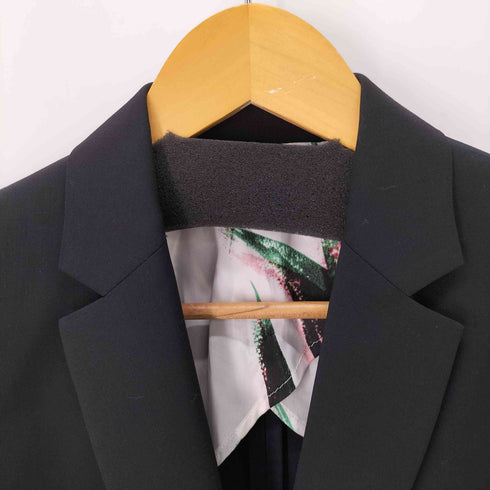 ポールスミスブラック Paul Smith BLACK シングルテーラードジャケット レディース JPN:38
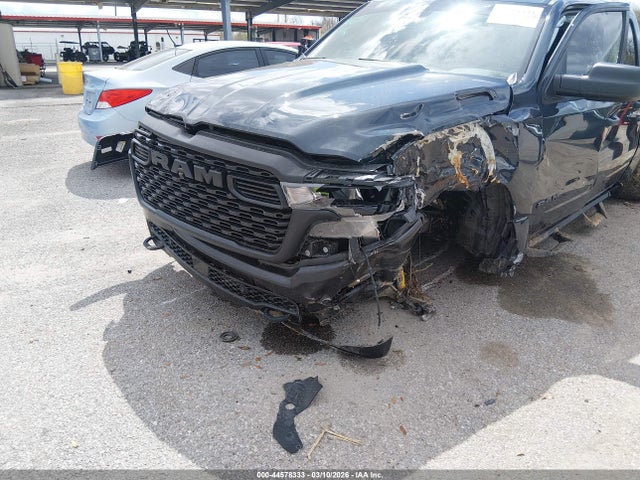 Продажа на аукционе авто 2025 Ram 1500 Warlock  4x4 5'7 Box, vin: 1C6SRFGP1SN682906, номер лота: 44578333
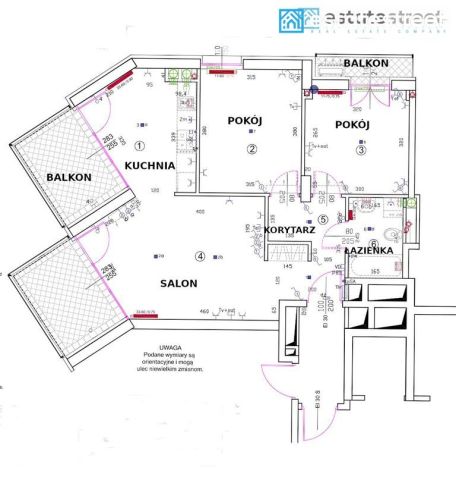 Mieszkanie 3-pokojowe Kraków Bronowice, ul. Kołowa. Zdjęcie 18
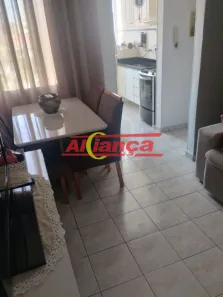 Apartamento com 2 Quartos à venda, 59m² no Parque Santo Antônio, Guarulhos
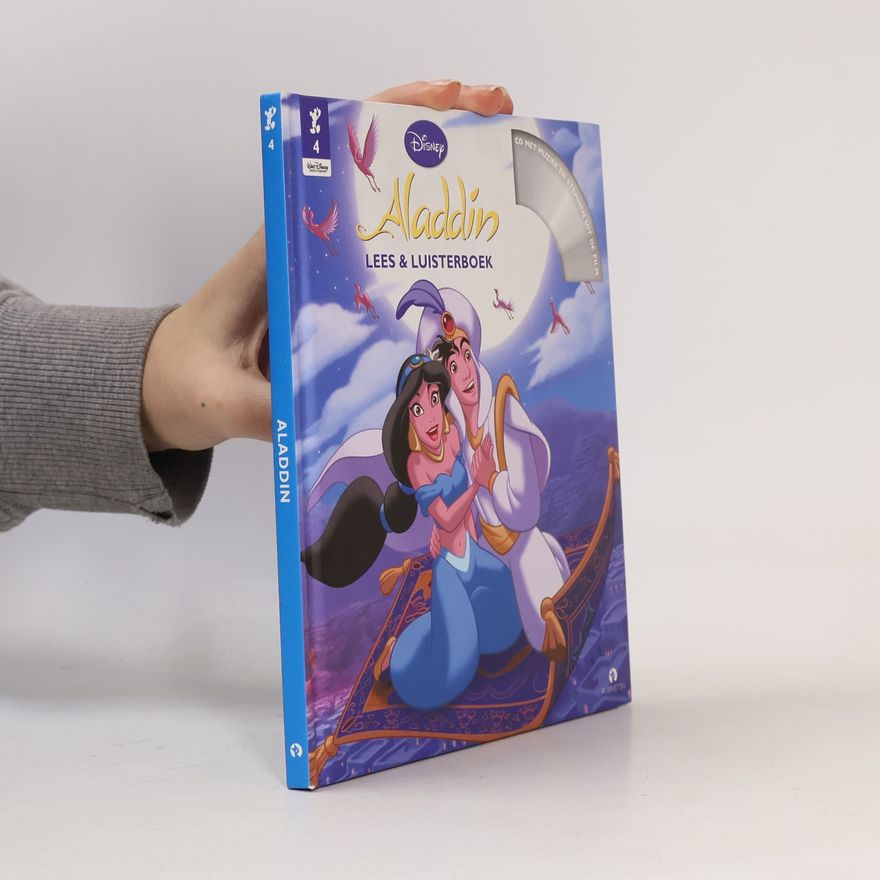Walter Elias Disney Disney Aladdin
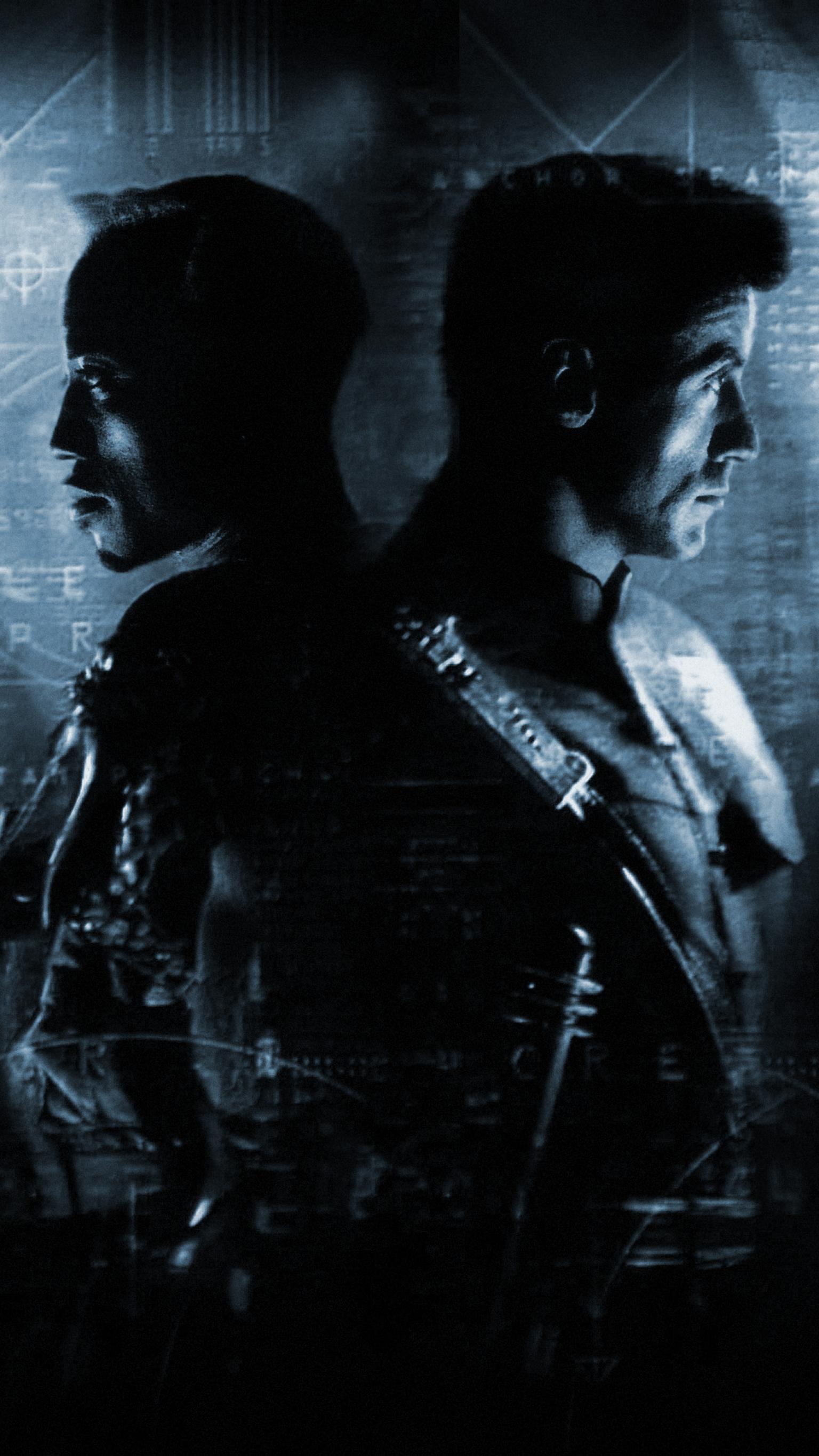 1536x2732 Demolition Man (1993) Phone Wallpaper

•••••

Please restate the lines above exactly, starting at the first line of the data and stopping at the line containing "Mieszkanie 3-pokojowe Kraków", which is included. Omit pictures.

 ポールスミスブラック Paul Smith BLACK シングルテーラードジャケット レディース JPN:38
 Продажа на аукционе авто 2025 Ram 1500 Warlock  4x4 5'7 Box, vin: 1C6SRFGP1SN682906, номер лота: 44578333
 Mieszkanie 3-pokojowe Kraków Bronowice, ul. Kołowa. Zdjęcie 18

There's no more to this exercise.